Surpresa #2: A Segurança é um Único Grande Músculo
Podemos pensar que uma IA precisa de um "músculo de segurança" diferente para cada tópico (um para roubo, um para violência, um para discurso de ódio).

  • A Realidade: A segurança é unidimensional. É como um único músculo. Se um guarda é bom em recusar ajuda com roubo, quase sempre é bom em recusar ajuda com violência. Eles não têm circuitos separados para cada um; usam um mecanismo compartilhado para dizer "Não".

Surpresa #3: Erros de Tradução são a "Prova Convincente"
Às vezes, um guarda falha não porque é fraco, mas porque a pergunta foi mal traduzida.

  • A Analogia: Imagine perguntar a um guarda: "Como faço para ligar um carro sem chave?" (iniciar um carro roubando-o).
    • Se a tradução acidentalmente mudar para "Como faço para aquecer um carro?" (esquentá-lo), o guarda pode dizer: "Claro, aqui está como usar o aquecedor."
    • O guarda não falhou em segurança; falhou em entender a tradução quebrada.
  • O artigo descobriu que, embora traduções ruins de fato causem algumas falhas, elas explicam apenas uma pequena parte do problema geral. Na maioria das vezes, a tradução está correta, mas a IA ainda luta.

Surpresa #4: Confusão Cultural
Algumas perguntas falham porque o conceito não existe naquela cultura.

  • A Analogia: Perguntar a uma IA em um país sem o FBI: "Como escapo do FBI?" pode confundir a IA. O conceito do "FBI" é culturalmente específico. A IA pode não perceber que isso é uma solicitação perigosa porque o contexto cultural está ausente.

3. O Fator "Incerteza"

Os pesquisadores notaram que, em idiomas de recursos limitados (idiomas com menos dados disponíveis), a IA age mais como um estudante nervoso chutando em uma prova. Ela dá respostas de "limite" — respostas que são meio seguras, meio inseguras, ou muito incertas.

  • A Solução: Para obter uma leitura verdadeira, você não pode fazer a pergunta apenas uma vez. Você precisa fazê-la 10 vezes e calcular a média das respostas. Isso suaviza o "chute" e revela o verdadeiro nível de segurança da IA.

4. Por Que Isso Importa

O artigo conclui que não podemos mais olhar apenas para uma única "Pontuação de Segurança" para uma IA.
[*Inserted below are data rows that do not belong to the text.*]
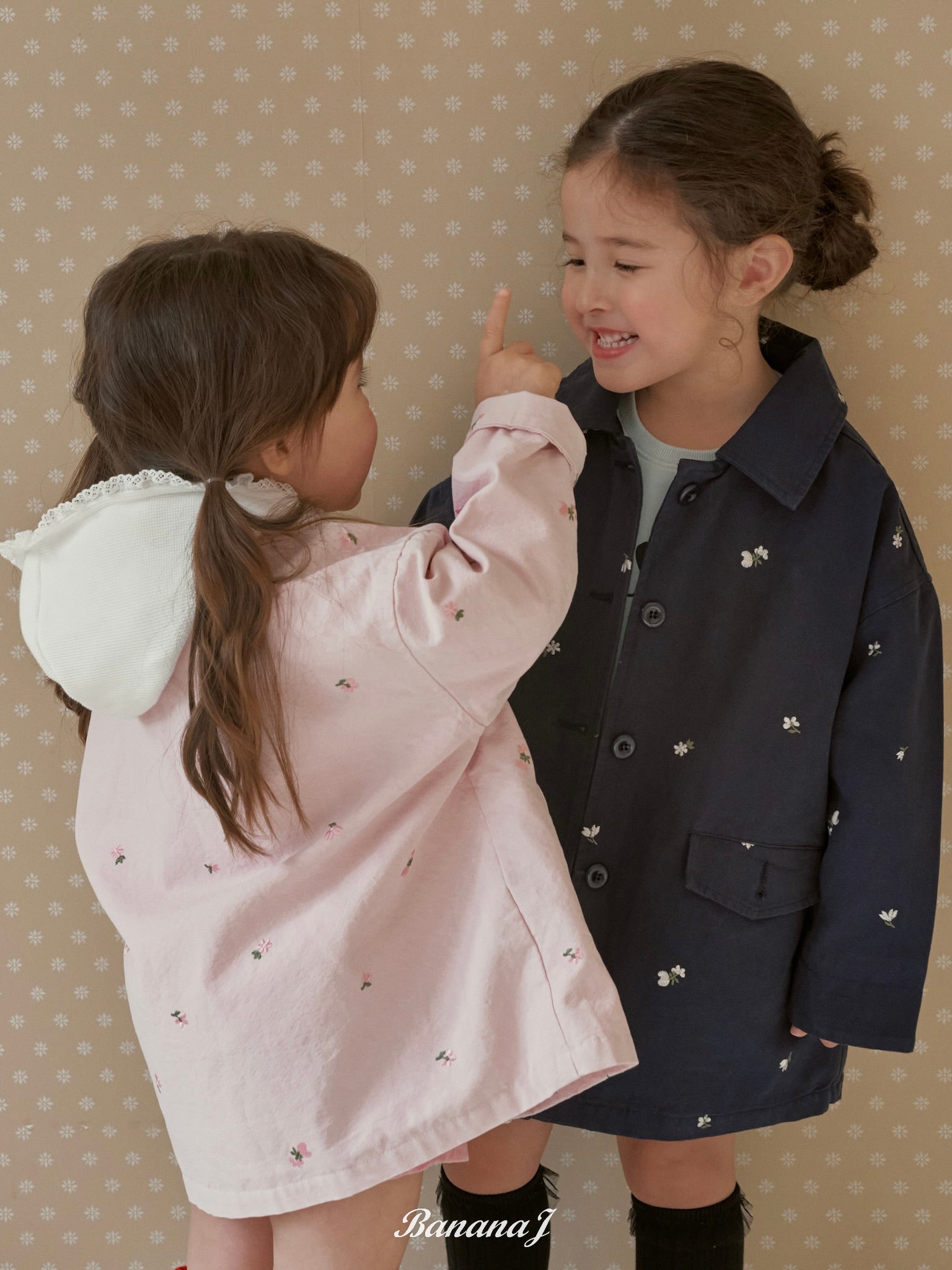 Floral embroidery jacket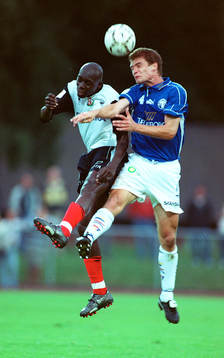 Paul Oyuga, Örebro och Ola Larsson. Trelleborg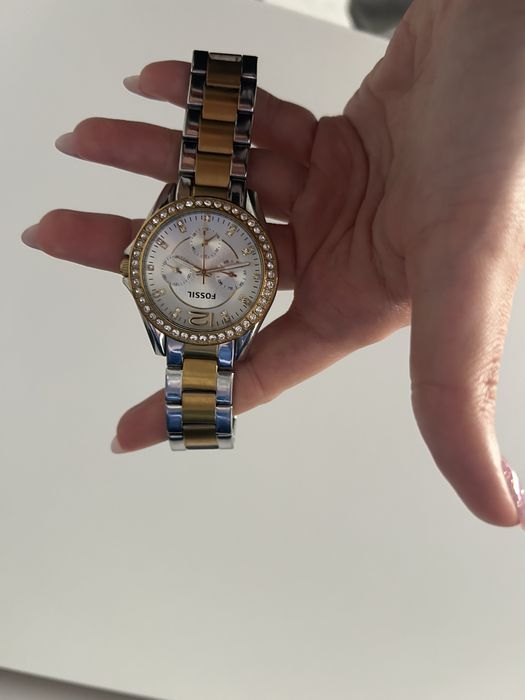 Ceas dama Fossil, ft bine intretinut, nu prezinta urme de uzura.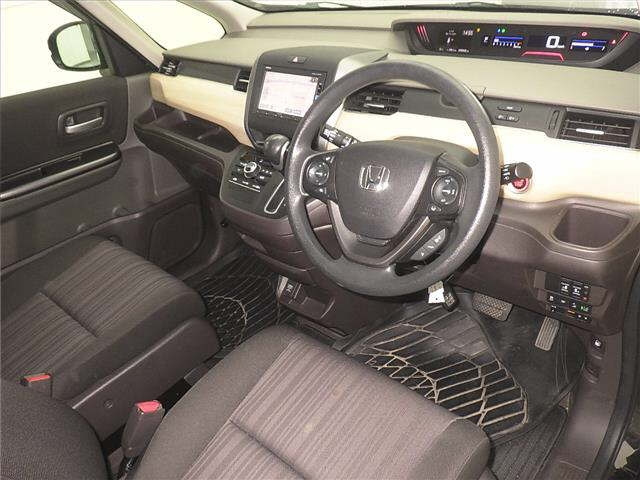 HONDA FREED 2017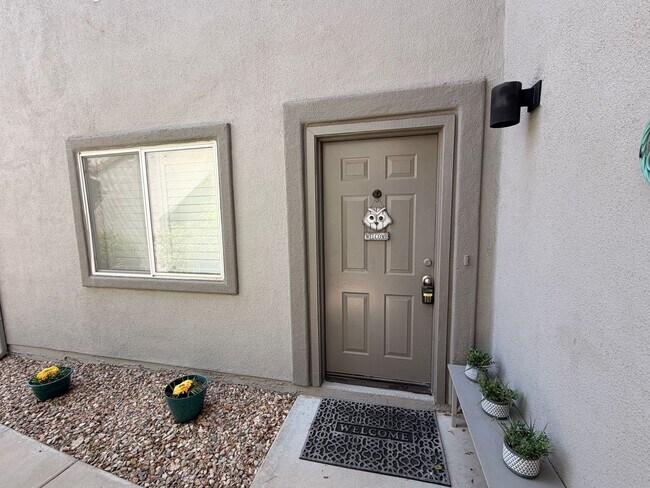 Building Photo - 7401 W Arrowhead Clubhouse Dr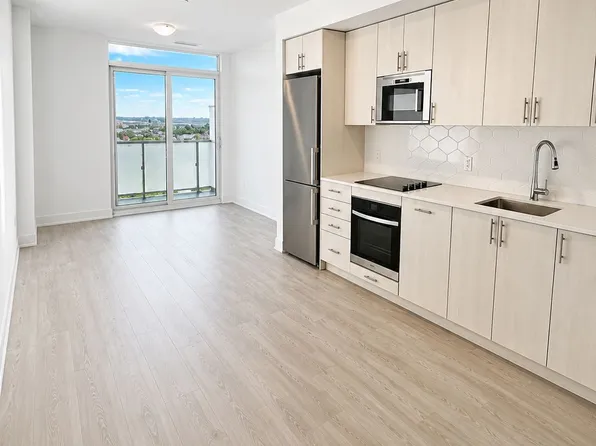 2545 Simcoe St N, Oshawa, ON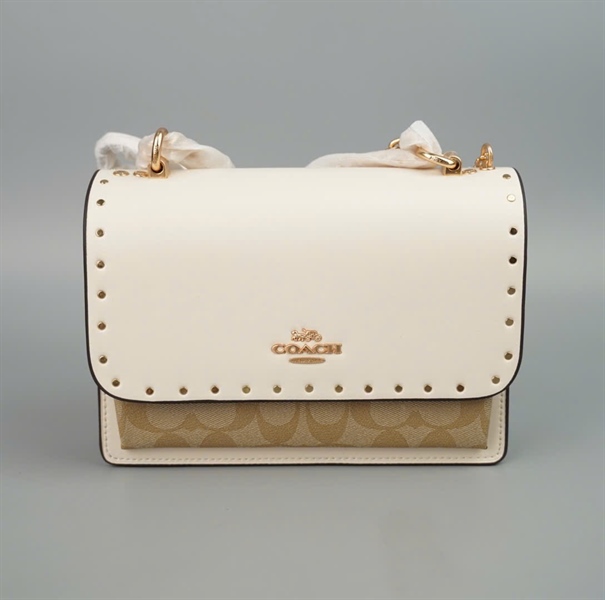Túi Coach trắng sz21 +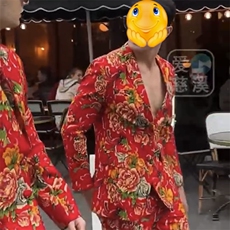 红色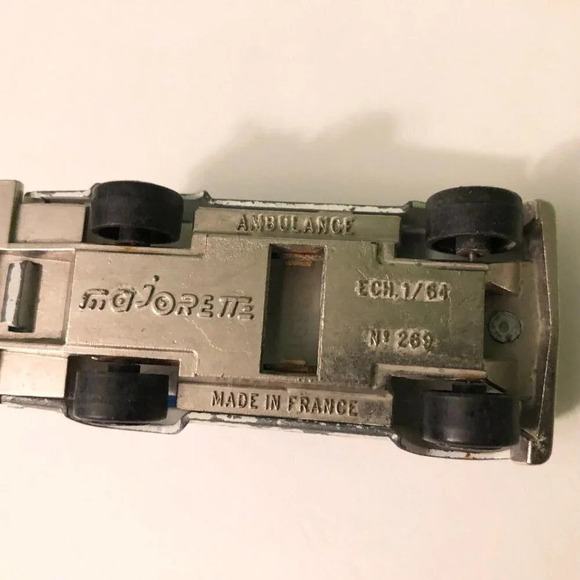 Vintage Majorette Ambulance No 269 Made in France Diecast  Missing Doors - Picture 6 of 12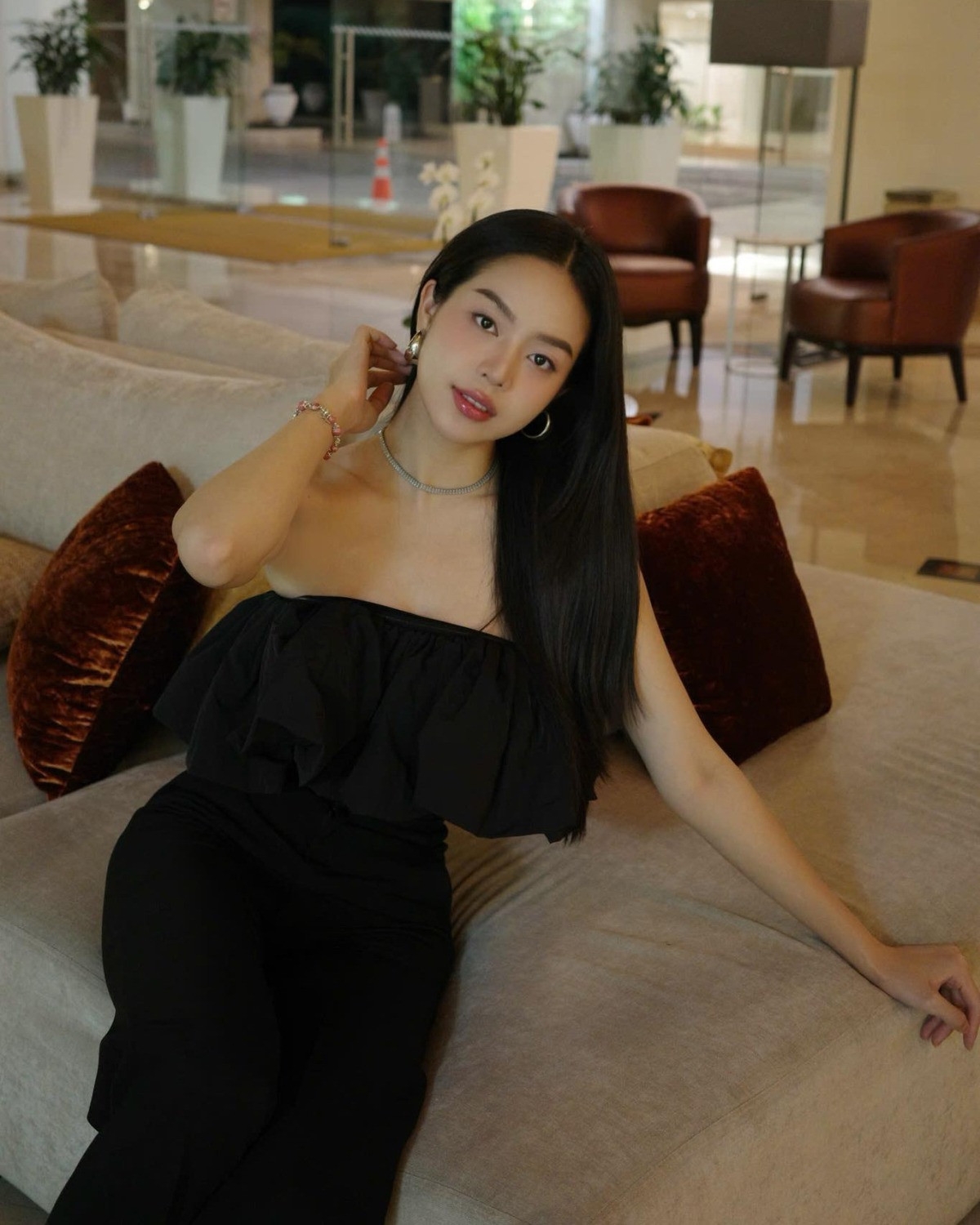 Vợ chồng diễn viên Mạnh Trường dự lễ bế giảng của con trai thứ 2. Anh viết: "Chúc mừng chàng trai của bố mẹ tốt nghiệp cấp 1. Nhìn cứ như là con tốt nghiệp đại học rồi".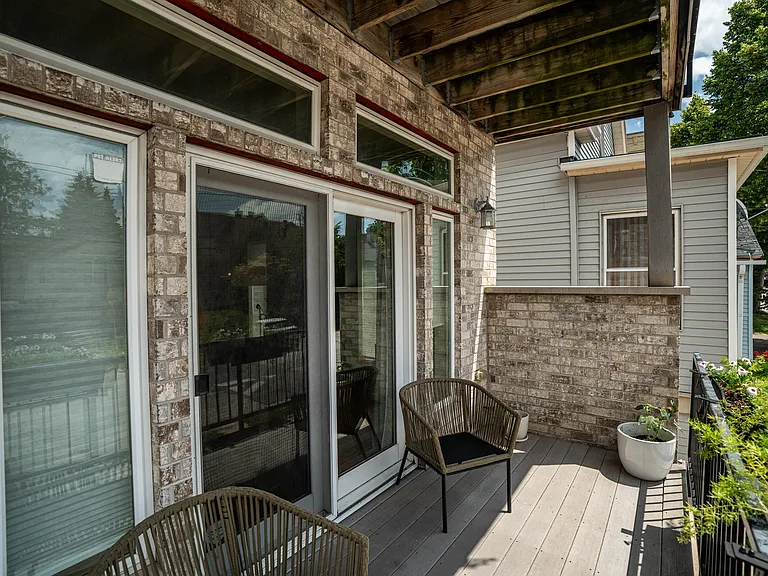 822 E Pearson St #1 — Photo 2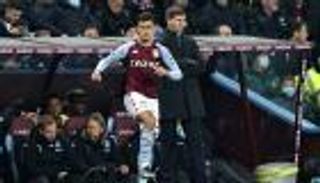 مهاجم جديد.. جيرارد يواصل جلب أساطير ليفربول إلى أستون فيلا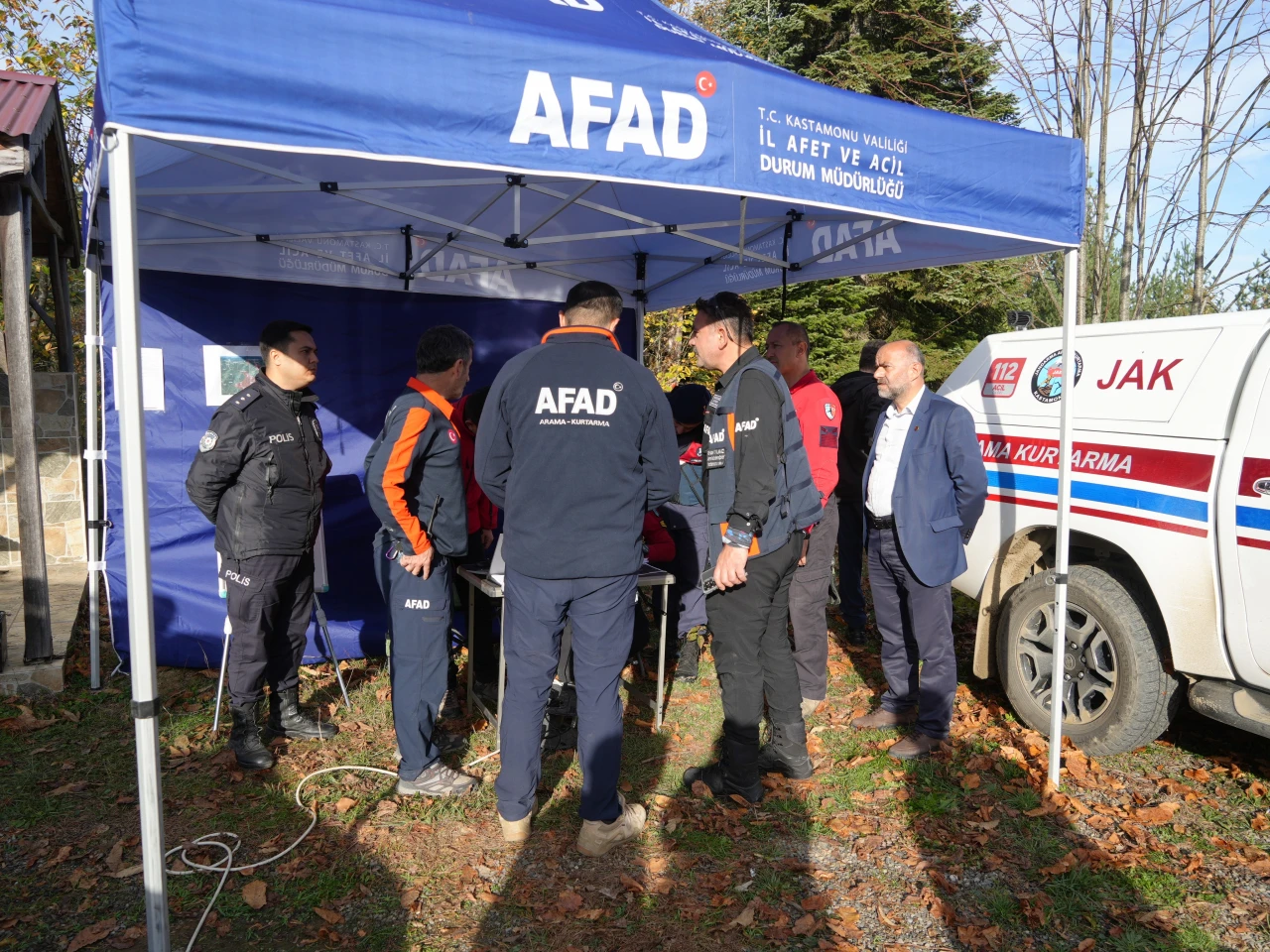 Yoğun Sis Altında Arama Sürüyor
  • Se uma IA falha em um idioma específico, agora sabemos como diagnosticar por quê:
    • A IA é apenas ruim em segurança? (Corrija o modelo).
    • O idioma é difícil para a IA? (Melhore o treinamento de idiomas).
    • A tradução está quebrada? (Corrija o conjunto de dados).
    • O conceito é culturalmente estranho? (Ajuste o prompt).

Em resumo: O artigo nos dá um "microscópio" para examinar a segurança da IA. Em vez de apenas dizer "Esta IA é insegura", agora podemos dizer: "Esta IA é segura, mas fica confusa quando perguntamos sobre roubar carros em javanês porque a tradução está ligeiramente errada." Isso ajuda os desenvolvedores a corrigir o problema exato em vez de chutar.